【菅原天満幼稚園】体系的な学びへの挑戦

大阪府にある菅原天満幼稚園は、昭和32年に菅原天満宮の付属幼稚園として開園されました。神社参拝に行き、園長先生から子どもたちに話をする時間を設けるなど、その歴史と伝統を大切にしながら、新しい教育手法も積極的に取り組まれています。その中で新しい取り組みとして今回、菅原天満幼稚園では、STEAM JAPANが開発するSPARK!を課外活動として9月より取り入れることが決まりました。そこで、SPARK!を実施する背景や、幼稚園で大切にしていることについてお話を聞きました!

左から、SPARK!を担当される大山先生と菅原天満幼稚園の疇地(あぜち)園長先生

理論に基づいた体系的な教育を進めたい

疇地園長先生:

日本の保育士は世界最高水準の保育を行う非常に優秀で、さまざまな役割をこなすマルチプレイヤーです。一方で、保育の内容や質には、経験年数や先生ごとの得意不得意でバラつきが生じることもありますよね。そこで、菅原天満幼稚園では、体系的な新しい教育手法として昨年度から国際バカロレア(IB)、そして今回遊びを軸にした課外活動としてSPARK!を導入することを決めました。

現在はすでに導入が始まっているIBを通じて、理論に基づいた一貫性のある教育を展開することができるようになりました。子どもたちはもちろん、先生たちがより主体的になり、自分達で自信を持って自分の意見を発表したり、相手の意見を聞けるようになったと感じています。

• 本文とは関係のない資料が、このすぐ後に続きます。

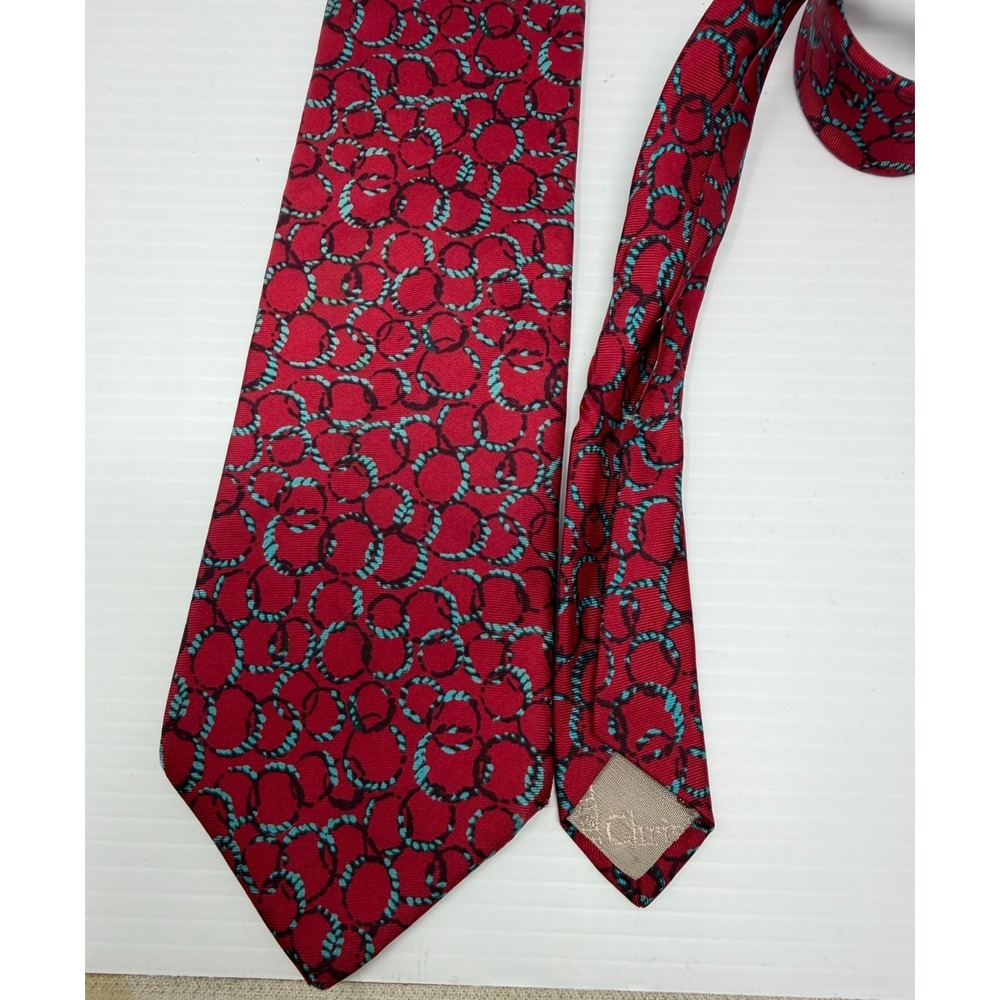Christian Dior Designer Tie Men's One Size Red Woven Rings Geometric Silk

今回、新たに導入するSPARK!については、STEAM教育を通じて分野横断的な学びができる点が特徴です。これまでの保育の中でも遊びの中でSTEAM的な要素があったと思いますが、それを体系化することで、先生たちの得意分野や遊び方、遊び場所に偏りが生じることなく、子どもたちに幅広い経験を提供できるようになります。「遊びの中から学ぶ」という観点を私たちはとても重要視しているので、将来的には、SPARK!をカリキュラムの中にしっかりと組み込み、全ての子どもたちに遊びの中から学ぶ機会を提供していきたいと考えています。

外部講師と連携してSPARK!を実践

SPARK!のプログラムは、外部講師2名が実践 写真は大山講師

大山講師:

菅原天満幼稚園には以前私の娘が通っていて、保護者として幼稚園と接点があったところ、今回SPARK!の講師として関わらせていただくことになりました。普段は、京都芸術大学で造形教育を教える仕事や、メーカーのためにフィギュアやプラモデルなどの原型を作成する仕事もしており、私の専門分野やものづくりのエッセンスをSPARK!でもうまく活かしていければと考えています。

STEAM教育につながる「ものづくり」

大山講師:

大学の授業では、キャラクターデザイン学科の学生たちに、古典美術に近い手法で作品を立体的に再現する課題を出しています。ここでは3次元的な物の見方や観察力を養うことが重要です。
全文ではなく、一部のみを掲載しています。